Rineloricaria parva
- Conservation status: Least Concern (IUCN 3.1)

Scientific classification
- Kingdom: Animalia
- Phylum: Chordata
- Class: Actinopterygii
- Order: Siluriformes
- Family: Loricariidae
- Genus: Rineloricaria
- Species: R. parva
- Binomial name: Rineloricaria parva (Boulenger, 1895)
- Synonyms: Hemiloricaria parva Boulenger, 1895 ; Loricaria parva (Boulenger, 1895) ;

= Rineloricaria parva =

- Authority: (Boulenger, 1895)
- Conservation status: LC

Species of catfish

Rineloricaria parva is a species of freshwater ray-finned fish belonging to the family Loricariidae, the suckermouth armored catfishes, and the subfamily Loricariinae, the mailed catfishes.

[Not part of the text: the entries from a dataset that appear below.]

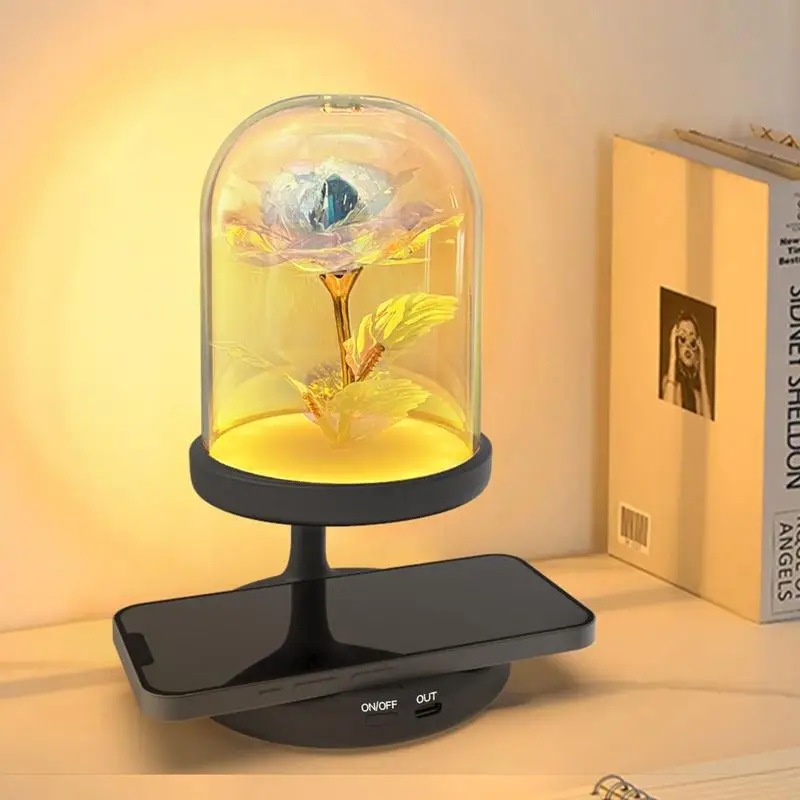 Lampe rose avec chargeur sans fil pour femme, port USB, abat-jour décoratif, cadeaux d'anniversaire, table de nuit britannique, chargeur de téléphone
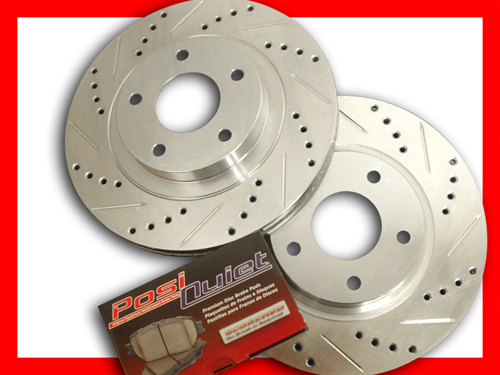 Honda CRX Si 90 91 Drilled Slotted Brake Rotors w\ Pads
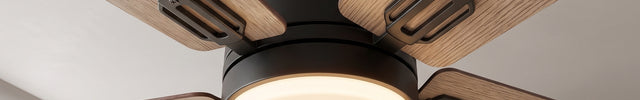 Détail du moyeu noir et du diffuseur LED allumé du ventilateur de plafond à 5 pales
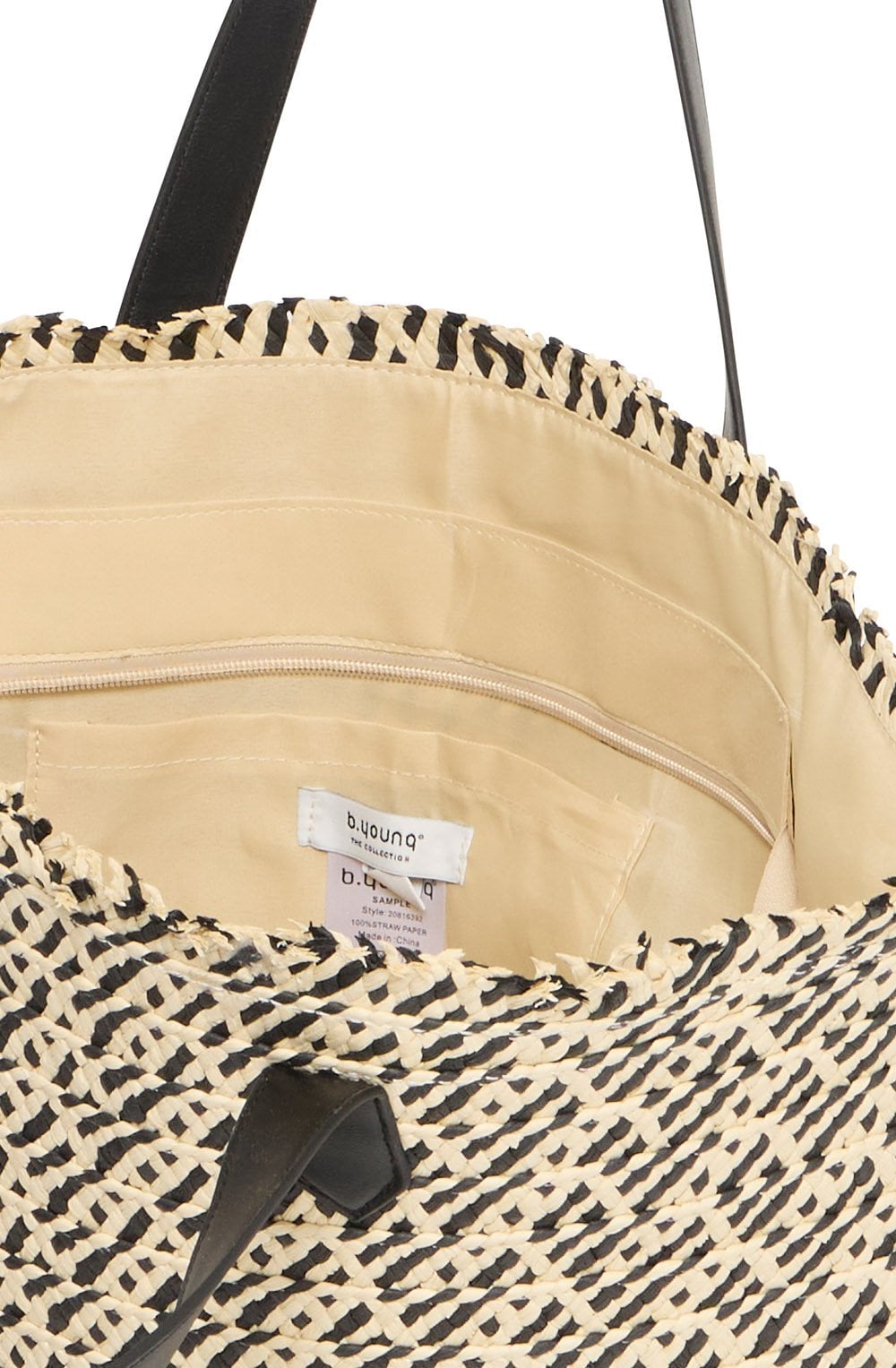 Humus and Black Woven Straw Effect Bavanta Bag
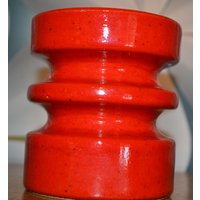 Vintage Kerzenständer Rot 70Er Jahre Keramik von VintageandGlory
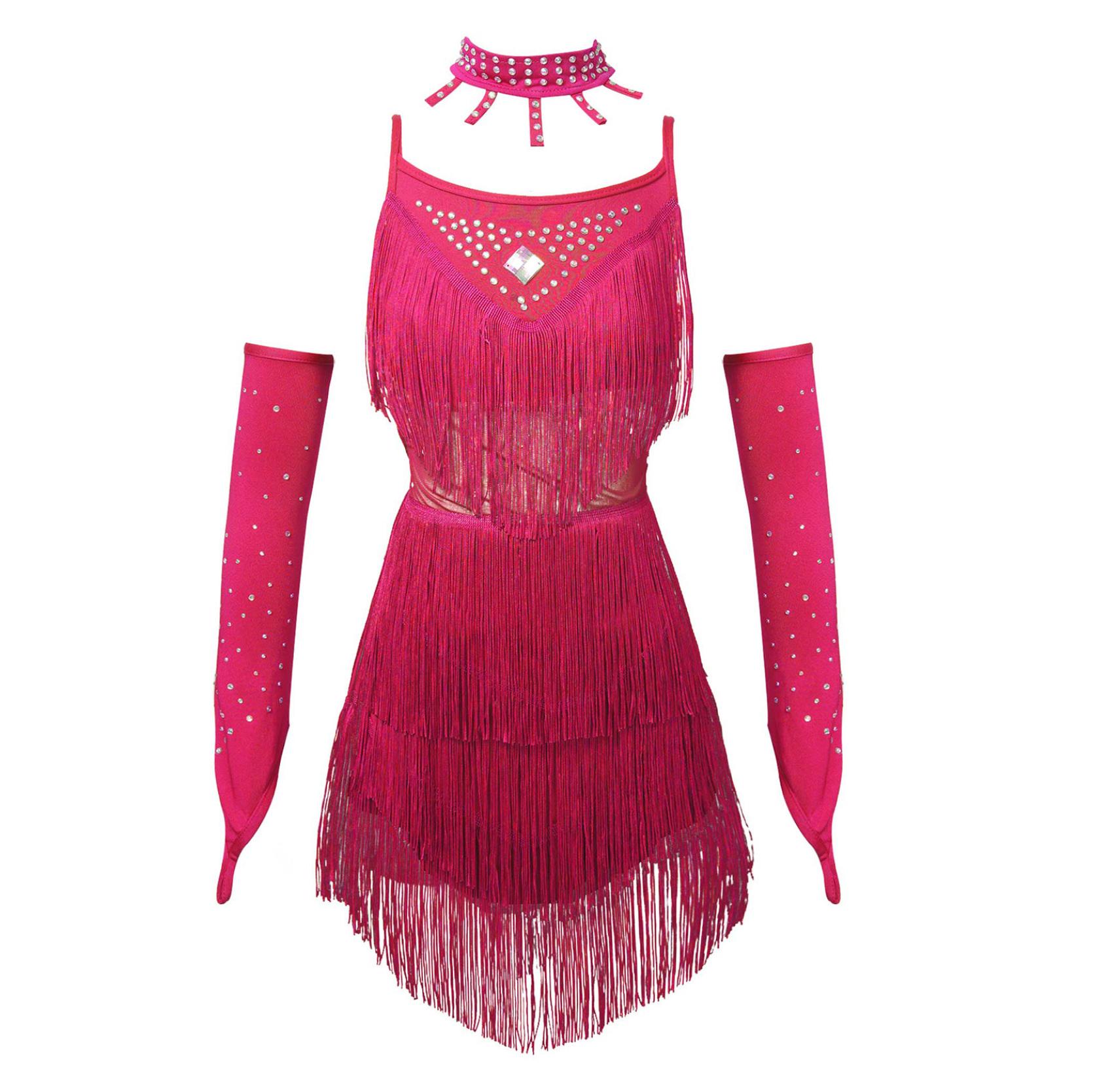 

4 шт. Танцевальный костюм с кисточками, платье с шортами-боксерами, рукавами и воротником, комплект для детей, девочек, костюм для выступлений 12-14 Years горячий розовый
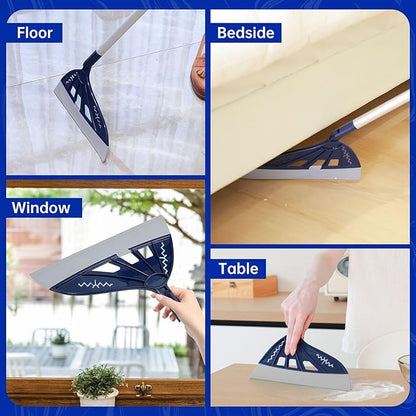 Magic Air Broom Household Silicone Broom for Floor Cleaning, Multifunctional Floor Squeegee with 60’’ Aluminum Adjustable Handle, Pet Hair for Glass, Fine Dust, Hair, Liquids (Blue)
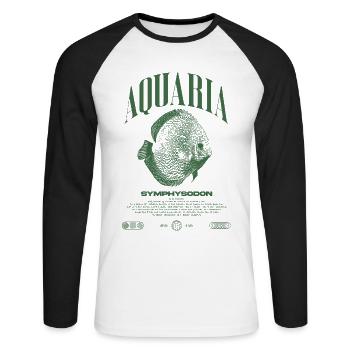 Diskus Cichlid Fish Keeper Moderne Streetwear - Unisex Baseballshirt langarm - Weiß/Schwarz - Vorne - Nik (191cm)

This catfish occurs in the Paraguay, Uruguay, and lower and middle Paraná River basins in Brazil, Argentina, Bolivia, Paraguay, and Uruguay. This species reaches a standard length of 11 cm and is believed to be a facultative air-breather.

Rineloricaria parva appears in the aquarium trade, where it is sometimes referred to as the common whiptail catfish.